The statistics do not bear out the assertion that tape is on the ropes. Bob Amatruda at International Data Corporation charted tape automation in 1999 at $2.1 billion dollars with a combined annual growth rate of about 25%. His expectations point to a $5.2 billion dollar industry by the year 2003.
Shiffman casts a little further light. She points out that data is hot, medium, or cold. Hot data remains on disk, medium-importance data is either on disk or tape, depending on the network configuration and the applications, and archived data can find no more cost-effective home than tape.
All in all, the EMC announcements represent a sensible next step in the performance/capacity roadmap, but it represents more of an incremental increase than a quantum leap. Yet this makes sense: many customers look cautiously at quantum leaps, wondering what the tradeoffs would be. The EMC hardware improvements can, in part, be traced to higher-capacity disk drives, but with these new drives, integrators should investigate how much of the new capacity is new capacity and how much is taken up with new overhead or metadata. In any event, the buyers of these new systems and software products will base themselves overwhelmingly on performance, footprint, and reliability, but for better or for worse, there is always a certain amount of brand bias out there. It will need to be addressed as digital storage demands continue to achieve escape velocity and rocket into petabytes.
Beware The Shark
In the face of the EMC announcement, IBM maintains what it calls "commitment to open standards." According to IBM's Bob Samson: "Customers want alternatives and choices. Shark is a high performance storage solution that addresses customer's demands for managing the explosive growth of data due to e-business."

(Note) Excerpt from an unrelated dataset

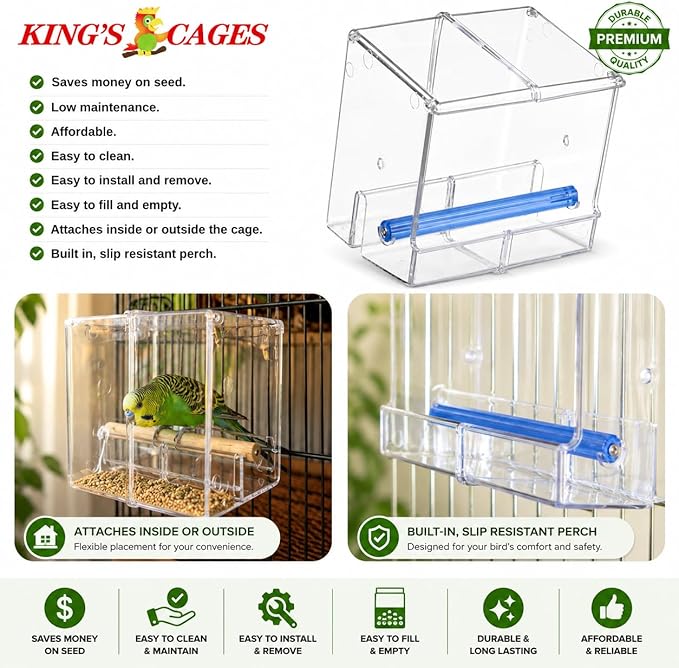 Bonka Bird Toys Seed No Mess Bird Feeder Parrot Cage Accessory Seed Treat Enclosure Pet, Canary, Parrotlet, Budgies, and Similar Breed Sizes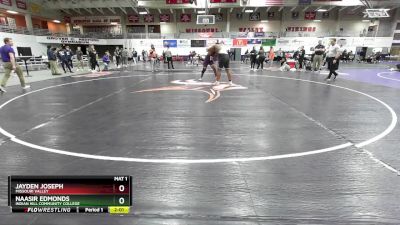 285 lbs 1st Place Match - Jayden Joseph, Missouri Valley vs Naasir Edmonds, Indian Hill Community College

IBM Enterprise Storage Server works with a host of diverse platforms and operating systems, including Windows NT, Unix, and Netware, as well as IBM's S/390 and AS/400 servers. Shark also communicates with a variety of interfaces, including Fibre Channel, Ultra SCSI, and ESCON. The result: it supports far more platforms than any other disk system. The newest models of the "Shark" Server offers the IBM 64-bit RISC processor, 16GB of cache, and additional PCI buses, resulting in up to a 100% increase in throughput.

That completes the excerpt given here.